Oui, le grand cru de 1919 a bien vieilli, il est toujours sublime et il faudrait être fou pour ne pas s’essayer à le goûter.
Et pour vous en convaincre, à présent que le nectar m’enivre et juste avant qu’il ne m’égare, osons en extraire un bref passage que vous n’apprécierez que si, alors que la bienséance des mœurs actuelles ne vous autorise en société qu’à lui effleurer les joues, deux fois en une soirée, vous brûlez de tenir la main d’une femme un peu plus, beaucoup plus, que pour une poignée de mains :
« Elle était de ces femmes à qui c’est un si grand plaisir de serrer la main qu’on est reconnaissant à la civilisation d’avoir fait du shake-hand un acte permis entre jeunes gens et jeunes filles qui s’abordent. Si les habitudes arbitraires de la politesse avaient remplacé la poignée de mains par un autre geste, j’eusse tous les jours regardé les mains intangibles d’Albertine avec une curiosité de connaître leur contact aussi ardente qu’était celle de savoir la saveur de ses joues. Mais dans le plaisir de tenir longtemps ses mains entre les miennes, si j’avais été son voisin au furet, je n’envisageais pas que ce plaisir même : que d’aveux, que de déclarations tus jusqu’ici par timidité j’aurais pu confier à certaines pressions de mains… »

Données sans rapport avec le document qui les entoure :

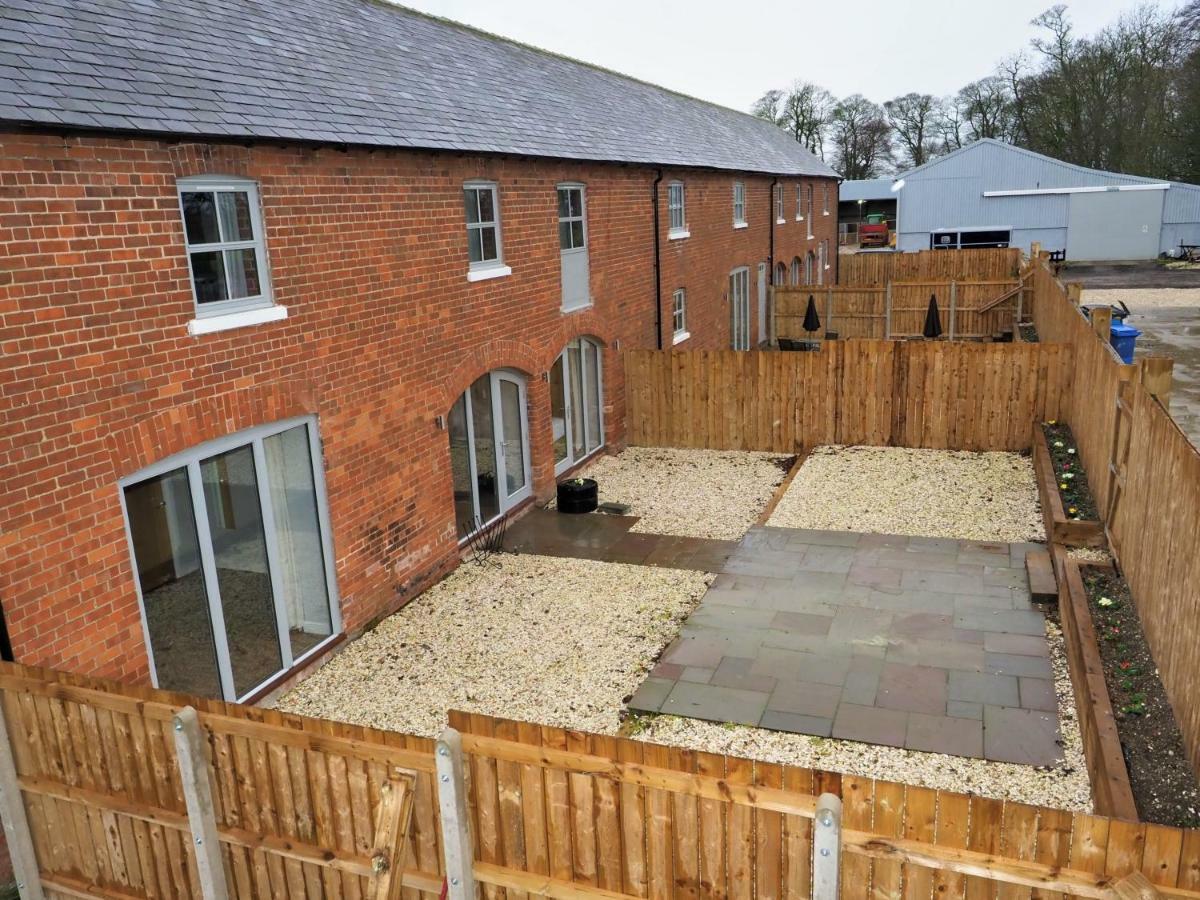 Nellies Shed, Wolds Way Holiday Cottages, 3 Bed Spacious Cottage コッティンガム エクステリア 写真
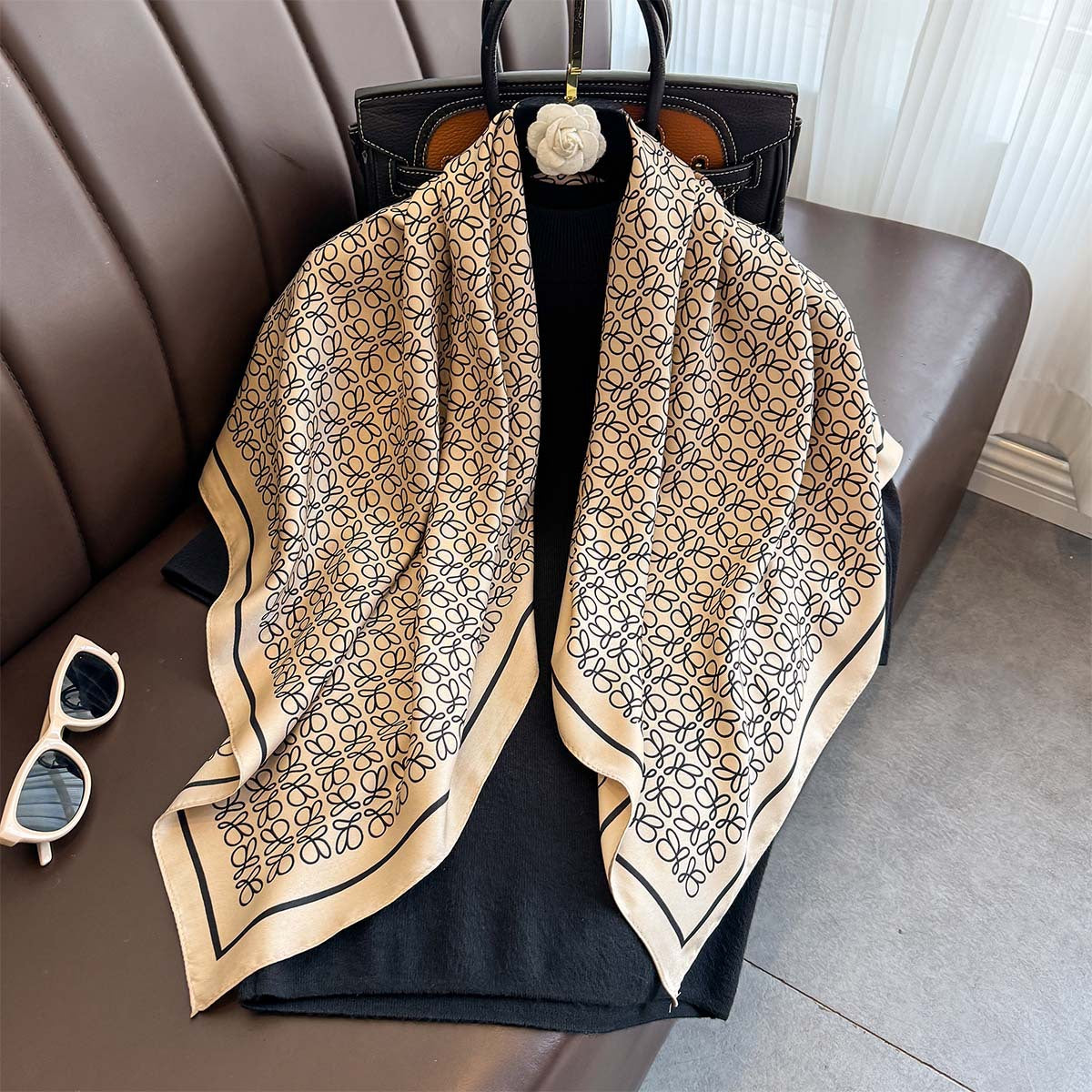 New high-quality twill fabric large square scarf spring and summer travel sunscreen shawl professional scarf versatile foreign style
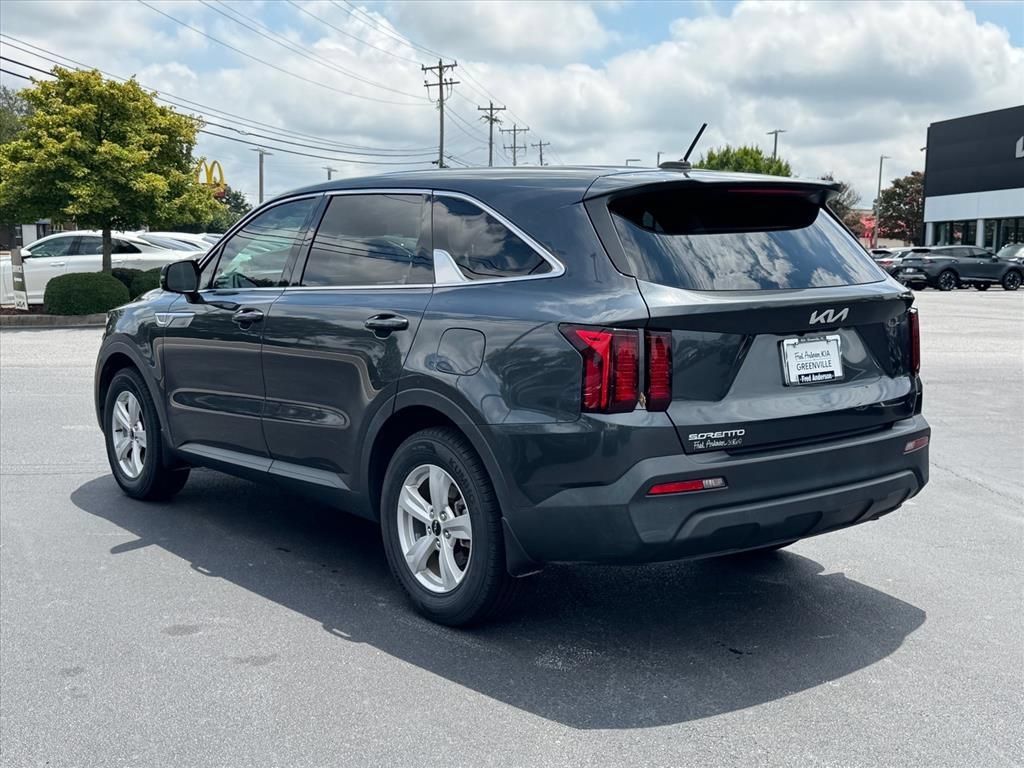 Certified 2023 Kia Sorento LX FWD image 5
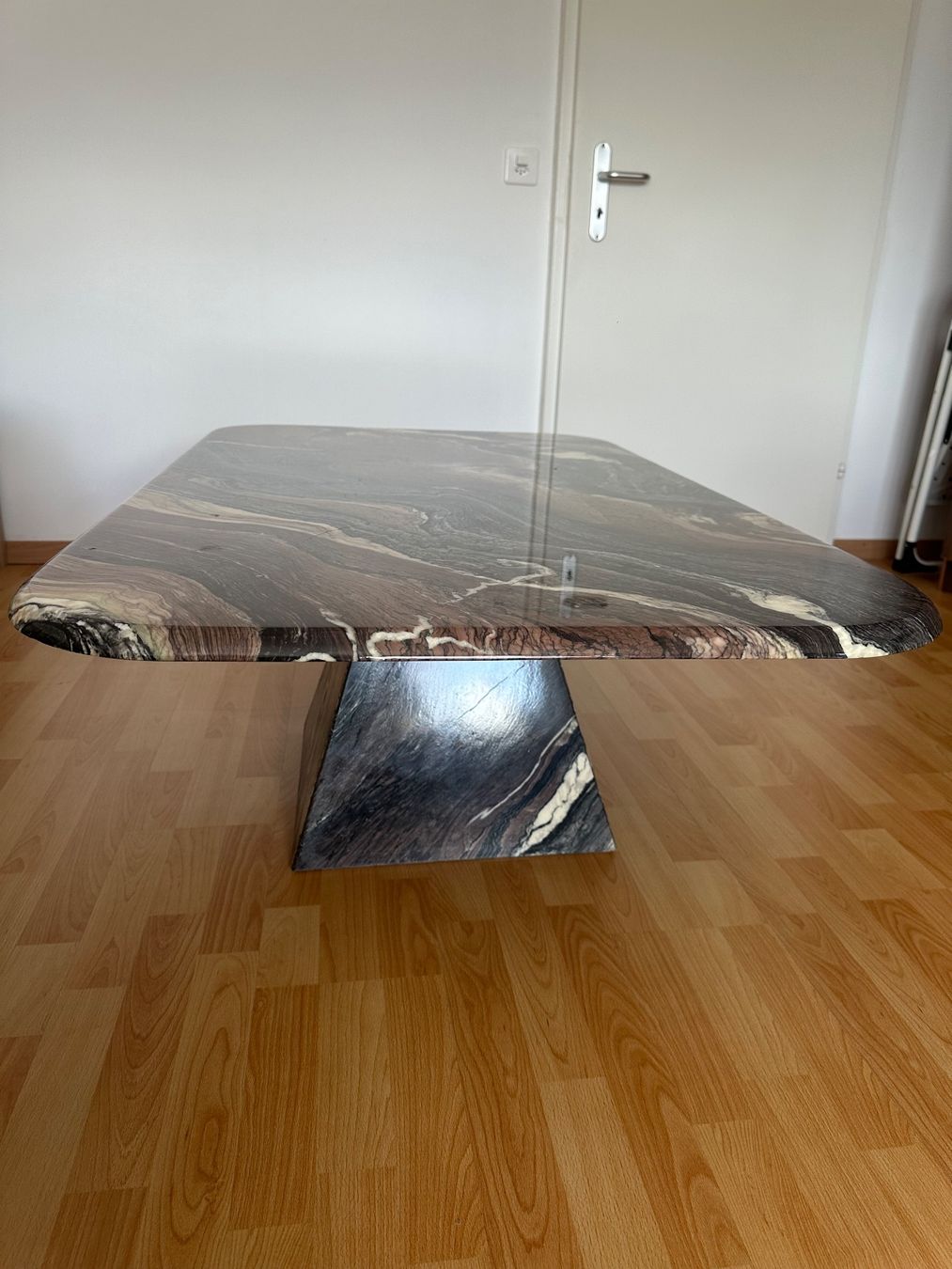 Tables: Marmortisch – D'occasion à Schübelbach par fde_9zxl 1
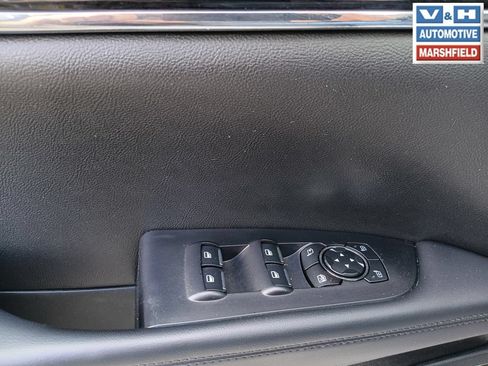 Used 2023 Lincoln Nautilus Reserve AWD/4WD image 22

J’adore me faire embarquer par ce grand conteur soliloquant dans un cadre de peinture impressionniste.
Au-delà d’avoir laissé une empreinte de son époque et de la société dans laquelle il a vécu, j’apprécie aussi ses points de vue sur le voyage, le dépaysement, l’amour dans tous ses états, la littérature, l’écriture, les livres et leurs écrivains. Les descriptions de ce qui l’entoure est une quasi filmographie.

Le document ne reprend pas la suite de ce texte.